You may, for example, be skeptical that it will lead to real outcomes for Indigenous Australians, you may think that it will flatten the nuance of contributions from local Land Councils, and therefore you may be convinced that the risk of disturbing our remarkably stable Parliamentary system, which benefits all Australians, is not worth the uncertain return.

However, I do not think Kel Richards’ recent article in The Spectator makes a good case, let alone a good case from a Christian perspective. 

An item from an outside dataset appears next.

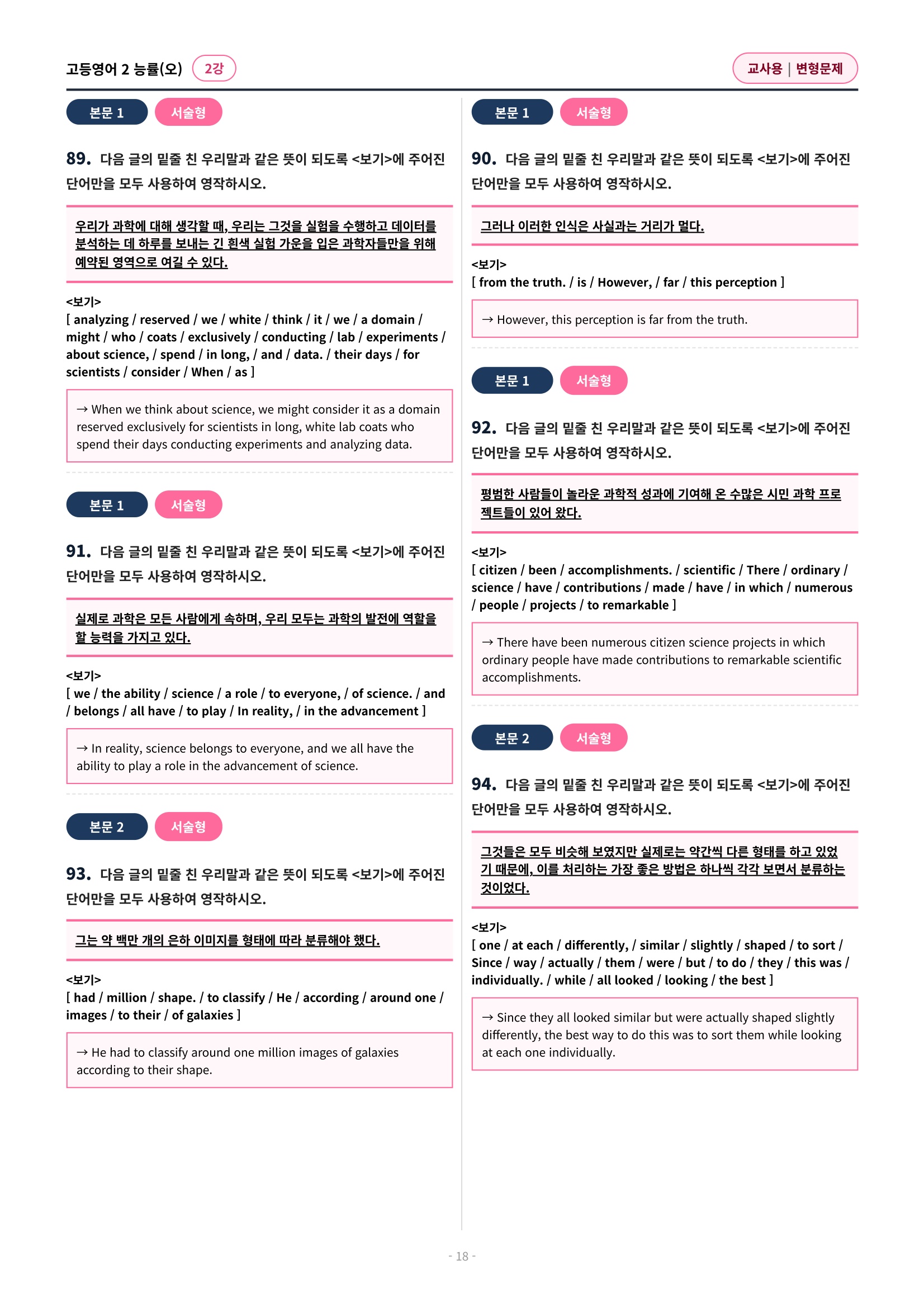 🩷 (고등영어2) 능률(오) 2과 변형문제 (124제)🩷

Firstly, Kel rehearses tired old ‘I-don’t-see-colour’ arguments against affirmative action when he dichotomises race- and need-based assistance. When the apostles discovered that Hellenic Jewish widows were being discriminated against in the distribution of food, every one of the seven men whom they appointed as deacons had Greek names. Kel claims that ‘the Bible treats race as an unimportant factor’, which not only would have been surprising news to Israel, but raises real questions about Paul’s missionary strategy of becoming ‘like a Jew, to win the Jews’ and ‘like one not having the law…so as to win not having the law.’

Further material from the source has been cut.